Evidence from both recent worker surveys and historical data on quits shows that the “Great Resignation” is not as unusual as one might think. Waves of quits have been common during fast recoveries in the postwar period. In line with this historical evidence, the recent wave reflects the rapid rebound in labor demand for young and less-educated workers, largely driven by the retail, leisure and hospitality, and accommodation and food services sectors.

This analysis covers data through February 1, 2022.

Bart Hobijn is Professor of Economics at the W.P. Carey School of Business, Arizona State University, and Visiting Fellow in the Economic Research Department at the Federal Reserve Bank of San Francisco.

References

Burdett, Kenneth, and Dale T. Mortensen. 1998. “Wage Differentials, Employer Size, and Unemployment.” International Economic Review 39(2), pp. 257–273.

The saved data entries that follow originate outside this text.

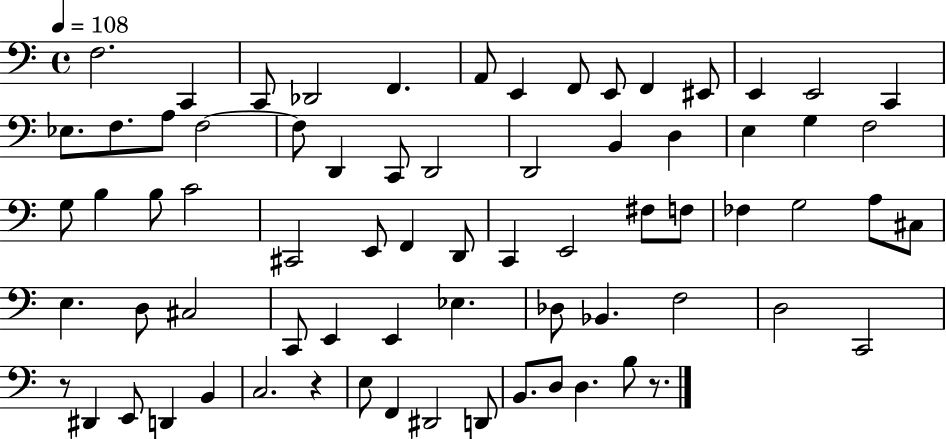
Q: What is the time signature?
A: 4/4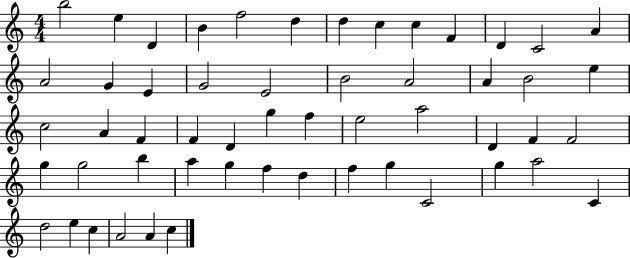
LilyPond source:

{
  \clef treble
  \numericTimeSignature
  \time 4/4
  \key c \major
  b''2 e''4 d'4 | b'4 f''2 d''4 | d''4 c''4 c''4 f'4 | d'4 c'2 a'4 | \break a'2 g'4 e'4 | g'2 e'2 | b'2 a'2 | a'4 b'2 e''4 | \break c''2 a'4 f'4 | f'4 d'4 g''4 f''4 | e''2 a''2 | d'4 f'4 f'2 | \break g''4 g''2 b''4 | a''4 g''4 f''4 d''4 | f''4 g''4 c'2 | g''4 a''2 c'4 | \break d''2 e''4 c''4 | a'2 a'4 c''4 | \bar "|."
}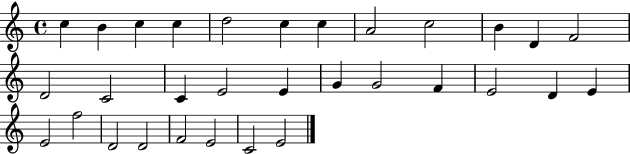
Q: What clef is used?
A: treble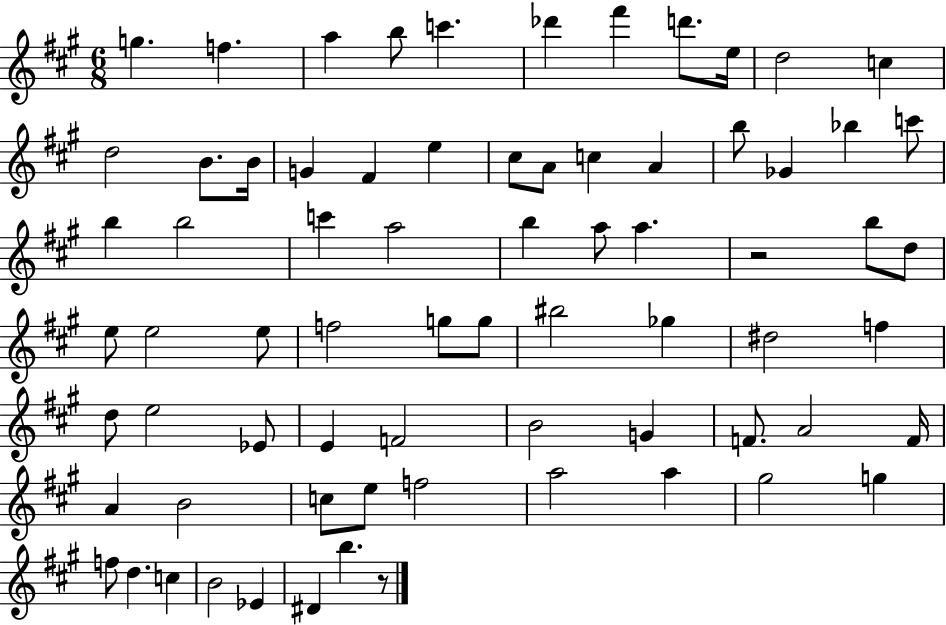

David, Joel M. 2021. “Has COVID-19 Been a Reallocation Recession?Chicago Fed Letter 452 (March).

Federal Reserve Bank of Philadelphia. 2021. “Survey of Professional Forecasters,” November.

Flood, Sarah, Miriam King, Renae Rodgers, Steven Ruggles, J. Robert Warren, and Michael Westberry. 2021. “Integrated Public Use Microdata Series.” Current Population Survey, version 9.0. University of Minnesota.

Hall, Robert E., and Marianna Kudlyak. 2021. “Comparing Pandemic Unemployment to Past U.S. Recoveries.” FRBSF Economic Letter 2021-33 (November 29).

Manning, Alan. 2006. “A Generalized Model of Monopsony.” Economic Journal 116(508).